But Kauai beckons.  I’ve only been there once and the purpose of my visit was definitely not fun and games, but I felt at home, at peace there.  And so I told my husband that for my looming and hideously repulsive birthday I wanted go to the conference and I didn’t mind going alone.  He’s not an island person.  He claims island fever drove both his brother and nephew to drink. 

“Oh no. You’ll attract someone.” Poor fellow is on the waiting list for much needed cataracts. 

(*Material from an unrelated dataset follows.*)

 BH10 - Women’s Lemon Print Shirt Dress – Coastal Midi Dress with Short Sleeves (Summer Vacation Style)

I had to explain to him that not even Danielle Steele would try use a literary conference as a setting for one of her romances. Imagine this entirely believable synopsis:

Trevor couldn’t believe his eyes when he saw the beautiful and sexy Dinah Dimlight of Dimlight Productions sitting in the audience listening to his reading from Forty Years of Hell, My Life Fighting Ebola.  When she said she could sell the concept to Disney with a few slight changes, he fell instantly in love. But she had more than a few slight changes in mind and so, enraged, Trevor turned to Sophie Goosebury, a fellow writer, for solace which she happily provided on the beach that night, under a thousand stars and listening to the barking sands.  But Goosebury had an ulterior motive – she wanted Trevor to promote her manuscript Kitties Armed With Assault Weapons to Dimlight as a possible cartoon series.

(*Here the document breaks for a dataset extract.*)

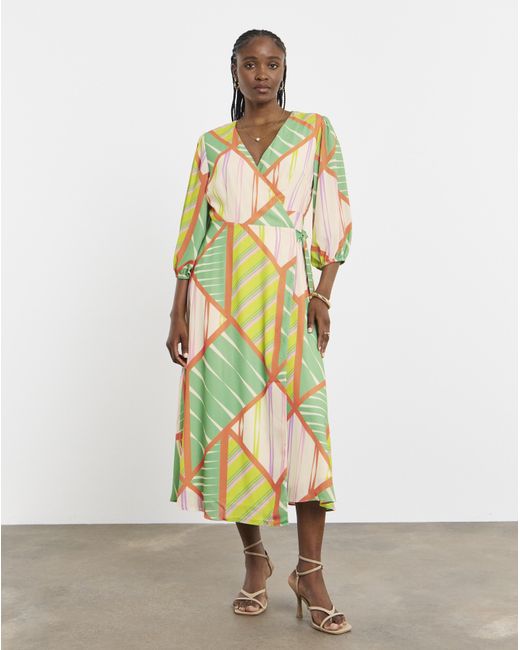 Joanna Hope Green Printed Wrap Midi Dress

After I explained to Joel that two writers could never make a relationship work because the weight of propping up ailing egos would destroy at least one of them,  he said to me: “But you’re so confident.”

Holy Crap.
holy, holy crap
piss into the wind
unholy crapola

My husband is making the same assumption as many people:  I know what I want to do and I’m doing it. But being a writer in the age of a billion blogs, when you can’t go to a party without running into someone who is also a writer or wants to be a writer is like standing in line waiting to be chosen for a basketball team.  If you’re the last chosen, you’ll be sitting on the bench. But you keep on improving your skills.  You support the team and try not to be negative.  You have confidence that you’re doing what you want to do but uncertain you will ever have a chance to play on the court.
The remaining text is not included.